After a resounding defeat in the November 3 election, opponents of plans to expand Broadway Plaza with a new 92,000-square-foot department store have droppped their lawsuit against the city.
The Contra Costa Times Elisabeth Nardi reports that plaintiffs Ed Dimmick, Ann Hinshaw, and Selma King asked a Contra Costa County Superior Court judge to dismiss their lawsuit, which claimed that the environmental impact report for the proposed Neiman Marcus failed to properly analyze the traffic and parking effects of the project.
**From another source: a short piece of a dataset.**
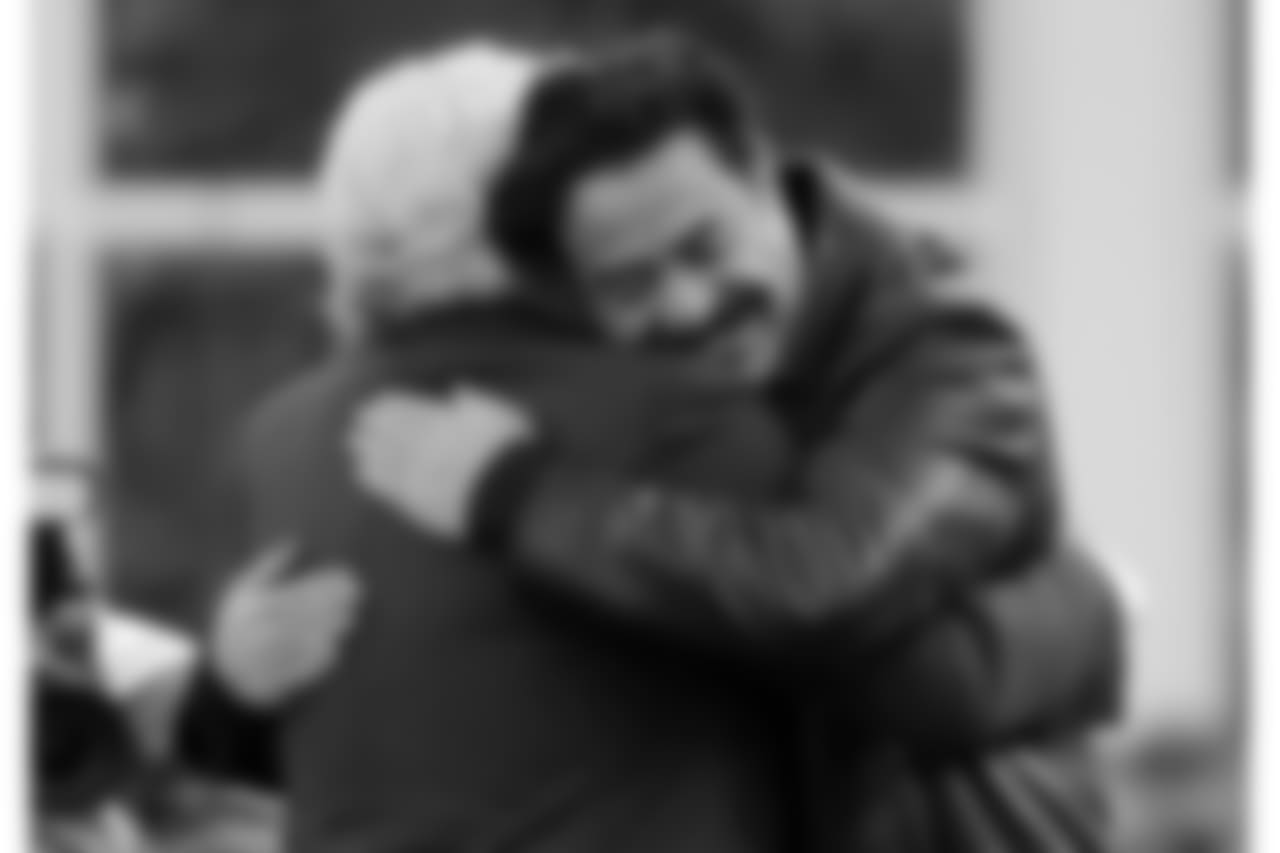 New England Patriots owner Robert Kraft, left, embraces Jacksonville Jaguars owner Shahid Khan before the AFC championship NFL football game, Sunday, Jan. 21, 2018, in Foxborough, Mass. (AP Photo/Steven Senne)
Although 71 percent of Walnut Creek voters said "yes" to Measure I, allowing the new department store project to go forward, I wondered, and perhaps some others did, too, whether these election results really signaled the end of this long, ugly, costly civic battle.
Dimmick, Hinshaw, and King had proven themselves to be pretty feisty opponents to this project, and they had the deep-pocket financial backing of Taubman Centers, the owners of Sunvalley shopping mall. Surely, I thought, there would be another legal challenge to the project in their--and our--future.
Well, the Times says this request to dismiss the lawsuit means that "the last remaining stand" against Neiman Marcus has "disappeared." King acknowledged that "there isn't anything else we can do." She also patted herself and her co-plaintiffs on the back: "We fought a good fight as best as we could."
But ... the plaintiffs asked that the suit be dismissed "without prejudice"--which doesn't stop the plaintiffs from filing again in the future, if, as King said, "anything comes up at all that's going in the opposite direction (of what was approved)."